En prison, dès le début de son incarcération, Pinar Selek va recevoir des lettres d’un mystérieux Nisan Amca, «oncle Nisan », qu’elle ne connait pas. « Toutes racontaient la vie de Jésus, les souffrances qu’il avait endurées, la lumière qu’il répandait ». A travers ce récit, le mystérieux correspondant lui parlait « de patience, de témérité, d’amour et d’entraide ». Cette correspondance dura tout le temps des deux années et demi de l’incarcération de Pinar, au rythme de deux lettres par semaine. Un « nectar » qui lui permit de garder la tête hors de l’eau.
A sa sortie, elle fait enfin la connaissance de Nisan Amca. Il a quatre vingts ans; il est gardien et sacristain d’une église de Galatasaray. Il est Arménien. Pendant les deux ans qu’il lui reste à vivre, lui et Pinar vont continuer leur relation, sur le même rythme hebdomadaire, mais cette fois-ci autour d’un verre de vin ou d’un café. Le vieil homme va lui conter son histoire. En l’écoutant, Pinar Selek va vraiment prendre conscience de ce qu’être Arménien, dans la République turque, veut dire. Se faire oublier. « Devenir invisible pour être toléré ». « Se dissimuler pour exister ». Changer de nom parfois, comme les autorités turques l’ont fait avec les villages arméniens. Vivre dans la crainte. Vivre dans le déni de soi. Et dans le souvenir.
Pinar n’oubliera jamais leur dernière rencontre. Alors qu’ils marchaient bras-dessus, bras-dessous, Nisan Amca lui dit: « Ce n’est pas bien qu’on nous voit ensemble. Cela pourrait te nuire. Je suis Arménien, alors… ». Ca se passait place Taksim.
L’éclaireur
L’autre rencontre décisive dans la prise de conscience, par Pinar Selek, de l’injustice subie par les Arméniens, fut celle de Hrant Dink. « C’était la première fois que je voyais un Arménien aussi confiant. Un homme refusant de se cacher, audacieux, fougueux, optimiste ». Hrant Dink dirige le journal Agos, journal bilingue, en turc et en arménien. Mais surtout, journal militant, rassemblant « antimilitaristes, pacifistes, antinationalistes et anticapitalistes », arméniens ou pas. Un caillou dans la chaussure du pouvoir. En janvier 2007, Hrant Dink est assassiné devant son journal. Il avait eu l’audace suprême de relayer une rumeur selon laquelle la fille adoptive d’Atatürk serait une Arménienne qui aurait perdu ses parents lors du génocide. Crime de lèse-père de la patrie. « Traitre à la nation turque ». « Atteinte à l’intégrité nationale et à la paix sociale ». Trois balles dans la tête. Mais ce que ses assassins – des nationalistes d’extrême-droite – n’avaient pas prévu, c’est que lors de son enterrement, « pour la première fois dans l’histoire turque, les gens se sont rassemblés pour un Arménien »; ils étaient plus de 300 000 à scander « Nous sommes tous Arméniens! Nous sommes tous Hrant Dink! »

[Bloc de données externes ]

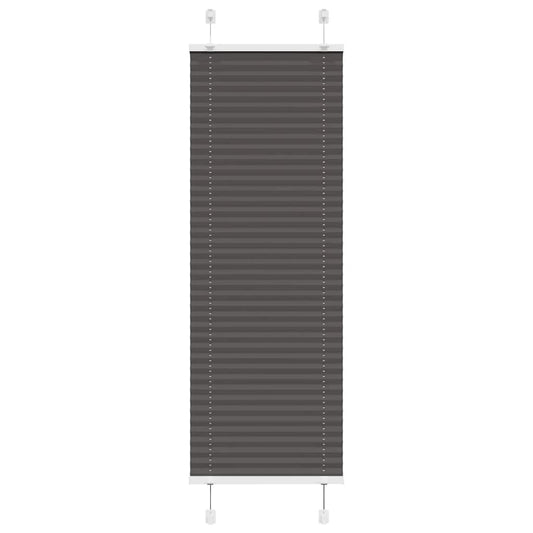 vidaXL Pleated Blind Black 45x150 cm Fabric Width 44,4 cm Polyester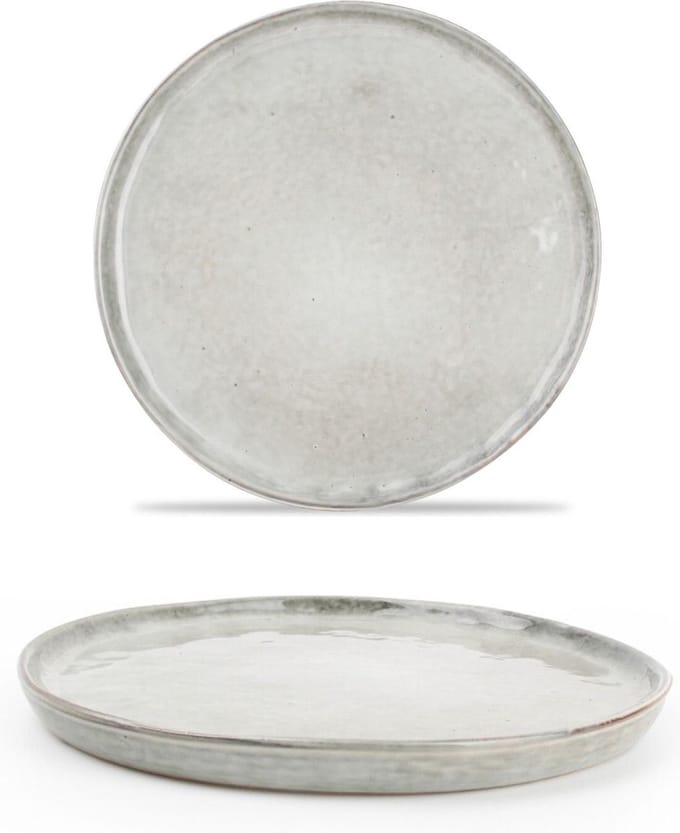 Salt&Pepper Artisan plat Bord - 20 cm - groen met lijnen - 4 stuks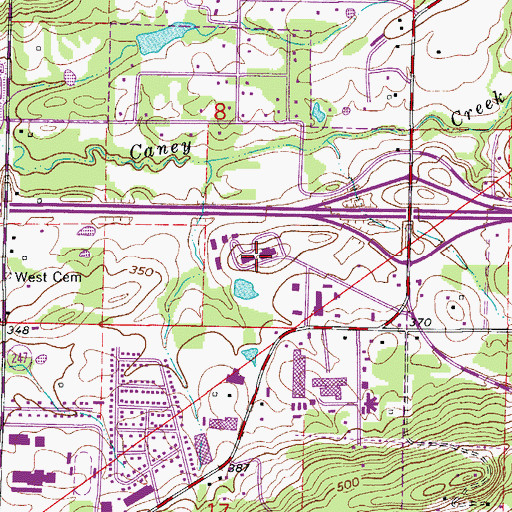 Topographic Map of Petit Jean Technical College, AR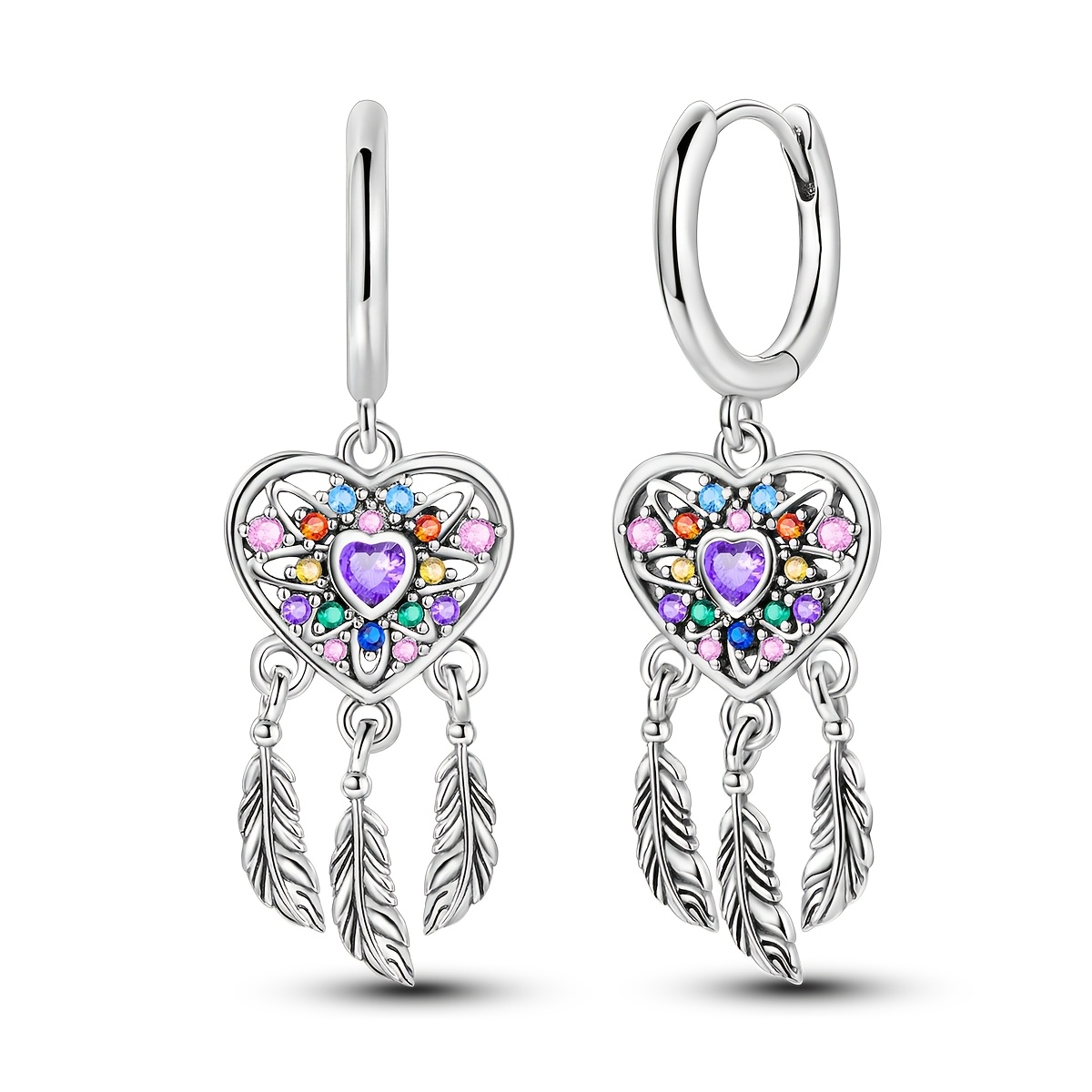 TEMU 1 Pair Silvery Color Hoop Earrings Dream Heart Shaped Dreamcatcher Earrings Earrings Jewelry Gifts For Women Fits Daily Party Banquet Party Wear
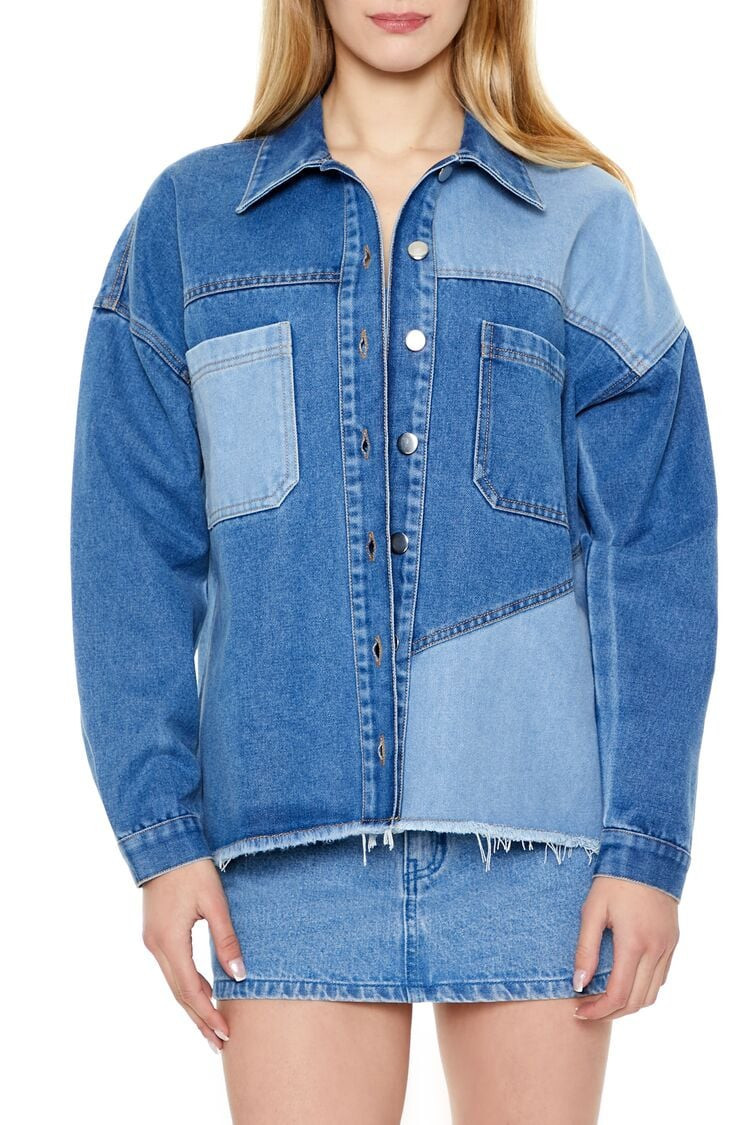 Women's Reworked Colorblock Denim Shacket in Denim, XL | Forever 21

Pinar Selek n’oubliera jamais son ami Hrant Dink. D’autant plus qu’elle lui doit une belle rencontre. Celle avec Karin Karakasli, une journaliste et écrivain turque. Toutes les deux continuent à creuser le sillon – « Agos » en arménien – entamé par Hrant Dink. Celui de la reconnaissance de l’histoire arménienne et de la réconciliation entre Turcs et Arméniens. Pas toujours facile, surtout quand on est en exil. Mais les choses bougent. Et Pinar Selek aime à citer Gramsci: « Il faut allier le pessimisme de l’intelligence à l’optimisme de la volonté ». C’est ce qu’elle fait. Tous les jours. Pour les femmes. Pour les LGBT. Pour les Kurdes. Pour les Arméniens. Pour toutes les victimes de l’injustice. Respect. MO.